Qualcomm Janjikan Teknologi aptX, Audio Lossless Lewat Bluetooth

wanovy | Teknologi | 03-09-2021

Qualcomm akhirnya merilis codec Bluetooth baru bernama aptX Lossless, yang merupakan bagian dari program Snapdragon Sound yang sebelumnya dirilis.

Lewat kehadiran Snapdragon Sound, Qualcomm mengatakan pihaknya ingin menghadirkan pengalaman transmisi CD lossless audio lewat konektivitas Bluetooth.

Dengan begitu, layanan streaming audio yang menyediakan kualitas lossless, seperti Apple Music, Amazon Music HD, ataupun Tidal, bisa dinikmati layanannya secara nirkabel. Meski tentu tidak akan maksimal seperti menggunakan kabel.

Perangkat pertama dengan aptX Lossless diperkirakan akan tersedia pada awal 2022. Mengingat Snapdragon Sound sangat bergantung pada dukungan hardware, maka baik ponsel maupun earphone/headphone wireless yang dipakai harus sama-sama mendukung codec baru ini.

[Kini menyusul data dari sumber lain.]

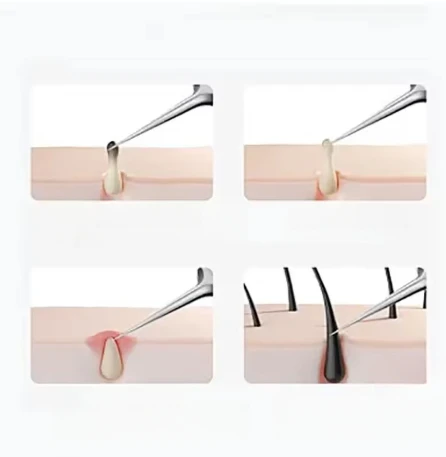 Stainless Steel Ingrown Hair Tweezers Acne Blackhead Removal Needles Black Dots Cleaner Pore Deep Cleansing Face Skin Care Tools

Snapdragon Sound sendiri didukung teknologi Qualcomm aptX Lossless yang akan menjadi tambahan baru pada teknologi Adaptive aptX. Teknologi ini dirancang untuk menghadirkan lossless audio 16-bit 44.1kHz berkualitas CD melalui konektivitas nirkabel Bluetooth untuk earbud dan headphone wireless.

Selain itu, Snapdragon Sound juga dirancang untuk menghadirkan pengalaman mendengarkan audio secara nirkabel dengan lebih kuat dan mulus.

Beberapa kemampuan yang diusung adalah mendukung resolusi audio tinggi 24-bit 96kHz, low latency, sinkronisasi lebih baik, dan kualitas suara yang apik.

Snapdragon Sound juga mendukung latency Bluetooth serendah 89 milidetik untuk pengalaman gaming lebih imersif dan menonton video lebih baik.

Qualcomm mengklaim aptX Lossless bisa mengirimkan data yang lebih besar ketimbang LDAC milik Sony, yaitu 1Mbps berbanding 990kbps. Namun perlu diingat, audio yang dikirimkan lewat Bluetooth ini masih mengalami kompresi, karena bitrate dari CD biasanya masih lebih tinggi, yaitu 1,4Mbps.

Kendati begitu Qualcomm mengaku melakukan kompresi lossless terbarunya ini untuk bisa mengirimkan secara matematis hasil reproduksi audio bit for bit.

Selain itu, tentu saja kualitas audio yang dikirimkan lewat Bluetooth ini tak akan konstan 1Mbps, melainkan berubah secara dinamis tergantung kondisi kepadatan jaringan nirkabel di sekitar pengguna, paling rendah 140kbps.